■ EXERCISE DIRECTIONS ■
Below is a listing. Return the lines from the one that contains "WDBUF56X68B196087: 43775275" to the one that contains "Thumbnail: 2018 Toyota Sienna - 5", both ends included, verbatim and with no pictures.

■ RECORDS FOR THIS TASK ■
▼
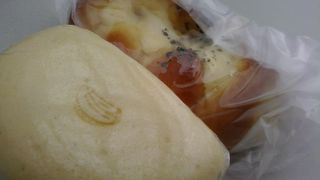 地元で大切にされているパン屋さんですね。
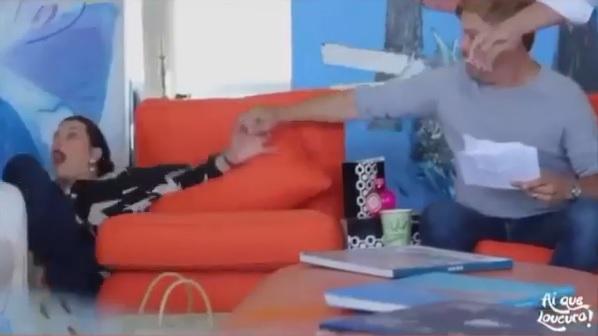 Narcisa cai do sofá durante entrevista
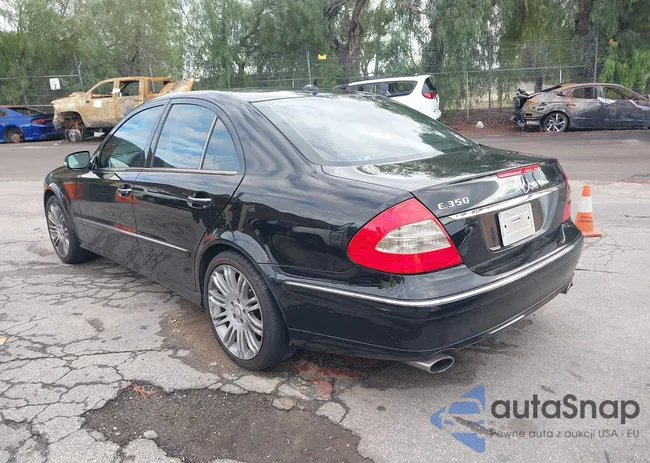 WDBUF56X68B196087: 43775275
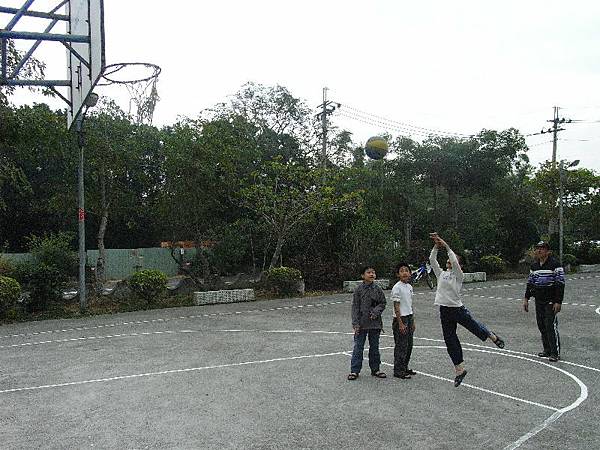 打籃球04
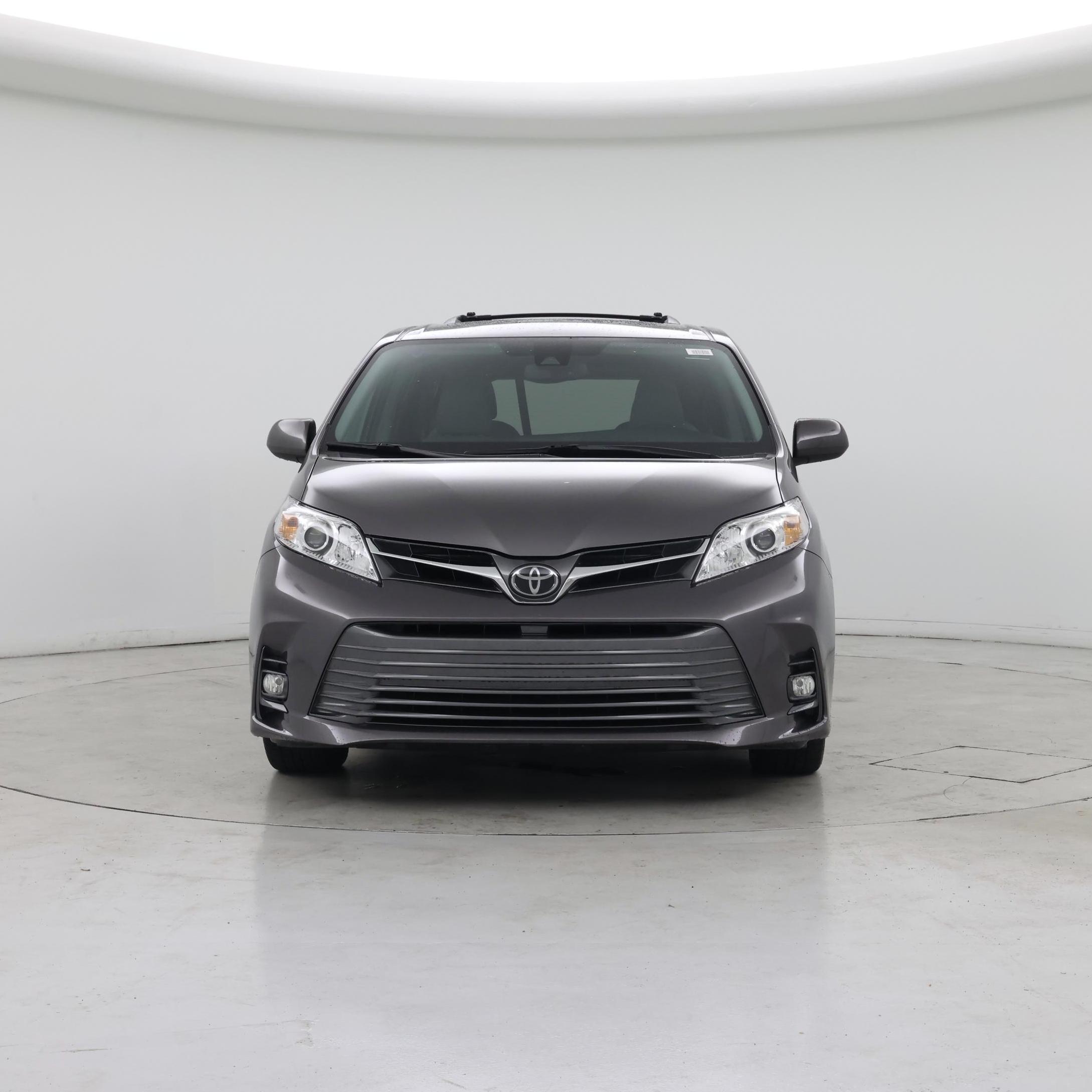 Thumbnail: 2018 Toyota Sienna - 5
▲
▼
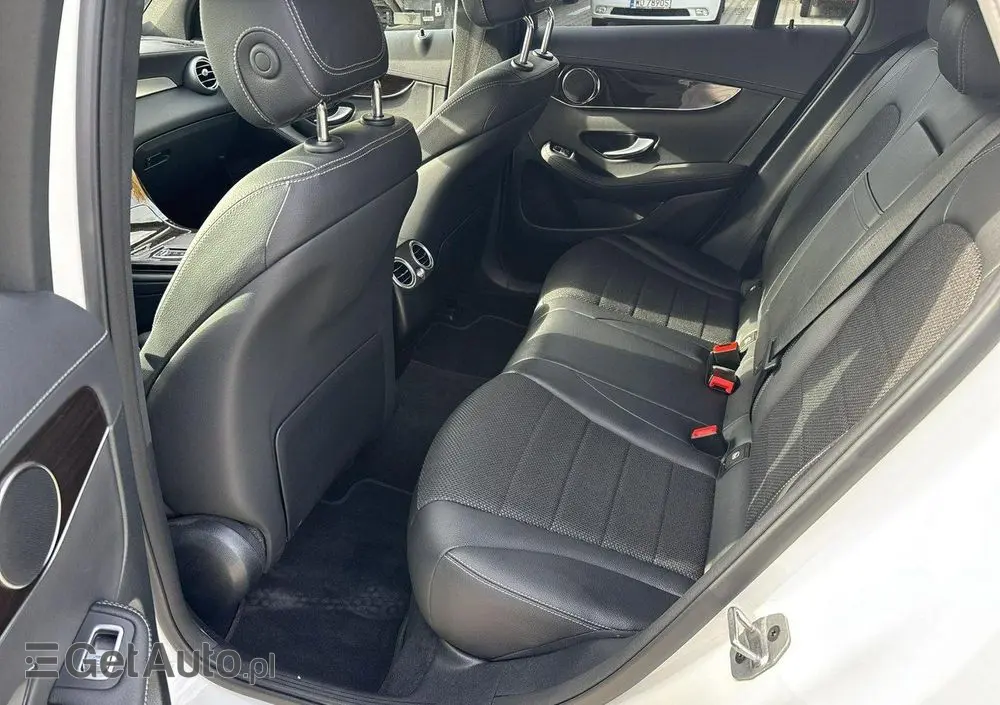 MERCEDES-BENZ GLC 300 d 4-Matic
▲
■ ANSWER FOR THIS EXERCISE ■
 WDBUF56X68B196087: 43775275
 打籃球04
 Thumbnail: 2018 Toyota Sienna - 5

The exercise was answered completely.